Hypoxia-associated genes predicting future risk of myocardial infarction: a GEO database-based study

Shaohua Li #  1 Junwen Zhang #  2 Jingwei Ni  3 Jiumei Cao  4
Affiliations

Hypoxia-associated genes predicting future risk of myocardial infarction: a GEO database-based study

Shaohua Li et al. Front Cardiovasc Med. .

Abstract

Background: Patients with unstable angina (UA) are prone to myocardial infarction (MI) after an attack, yet the altered molecular expression profile therein remains unclear. The current work aims to identify the characteristic hypoxia-related genes associated with UA/MI and to develop a predictive model of hypoxia-related genes for the progression of UA to MI.
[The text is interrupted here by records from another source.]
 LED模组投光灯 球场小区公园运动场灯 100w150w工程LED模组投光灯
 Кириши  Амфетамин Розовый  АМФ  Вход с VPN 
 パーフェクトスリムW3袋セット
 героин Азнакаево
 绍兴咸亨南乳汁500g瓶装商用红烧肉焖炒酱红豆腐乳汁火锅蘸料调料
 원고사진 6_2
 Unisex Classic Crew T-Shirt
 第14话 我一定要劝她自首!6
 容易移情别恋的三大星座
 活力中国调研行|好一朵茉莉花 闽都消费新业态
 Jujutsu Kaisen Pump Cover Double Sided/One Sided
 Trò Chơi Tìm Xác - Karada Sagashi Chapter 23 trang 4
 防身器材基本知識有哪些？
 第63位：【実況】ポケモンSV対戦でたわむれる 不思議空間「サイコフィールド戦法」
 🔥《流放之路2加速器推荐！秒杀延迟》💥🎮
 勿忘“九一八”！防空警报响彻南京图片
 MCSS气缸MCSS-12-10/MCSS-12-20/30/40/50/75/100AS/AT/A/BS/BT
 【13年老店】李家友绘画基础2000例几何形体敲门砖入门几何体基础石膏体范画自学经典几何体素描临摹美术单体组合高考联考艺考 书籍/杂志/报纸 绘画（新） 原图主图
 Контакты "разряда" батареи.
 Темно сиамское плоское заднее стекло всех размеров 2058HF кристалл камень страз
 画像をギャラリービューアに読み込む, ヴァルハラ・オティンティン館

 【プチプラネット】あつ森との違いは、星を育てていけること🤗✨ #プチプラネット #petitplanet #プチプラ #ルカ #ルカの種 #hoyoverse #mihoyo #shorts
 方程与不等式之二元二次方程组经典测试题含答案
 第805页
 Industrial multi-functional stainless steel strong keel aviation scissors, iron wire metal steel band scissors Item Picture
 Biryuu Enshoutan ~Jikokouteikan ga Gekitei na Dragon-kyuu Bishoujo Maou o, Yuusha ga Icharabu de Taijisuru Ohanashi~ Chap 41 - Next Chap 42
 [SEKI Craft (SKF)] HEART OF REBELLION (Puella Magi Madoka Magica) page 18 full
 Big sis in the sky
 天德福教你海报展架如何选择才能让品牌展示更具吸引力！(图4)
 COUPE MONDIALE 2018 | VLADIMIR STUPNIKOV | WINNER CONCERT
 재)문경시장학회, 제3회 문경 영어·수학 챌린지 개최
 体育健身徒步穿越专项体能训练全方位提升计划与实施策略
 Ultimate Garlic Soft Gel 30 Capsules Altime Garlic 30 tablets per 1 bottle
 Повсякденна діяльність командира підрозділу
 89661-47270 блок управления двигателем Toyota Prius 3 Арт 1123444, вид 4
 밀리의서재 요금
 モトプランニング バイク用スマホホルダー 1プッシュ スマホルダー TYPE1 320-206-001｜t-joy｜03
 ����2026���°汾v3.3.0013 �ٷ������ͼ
Methods and results: Gene expression profiles were obtained from the GEO database. Then, differential expression analysis and the WGCNA method were performed to select characteristic genes related to hypoxia. Subsequently, all 10 hypoxia-related genes were screened using the Lasso regression model and a classification model was established. The area under the ROC curve of 1 shows its excellent classification performance and is confirmed on the validation set. In parallel, we construct a nomogram based on these genes, showing the risk of MI in patients with UA. Patients with UA and MI had their immunological status determined using CIBERSORT. These 10 genes were primarily linked to B cells and some inflammatory cells, according to correlation analysis.

Conclusion: Overall, GWAS identified that the CSTF2F UA/MI risk gene promotes atherosclerosis, which provides the basis for the design of innovative cardiovascular drugs by targeting CSTF2F.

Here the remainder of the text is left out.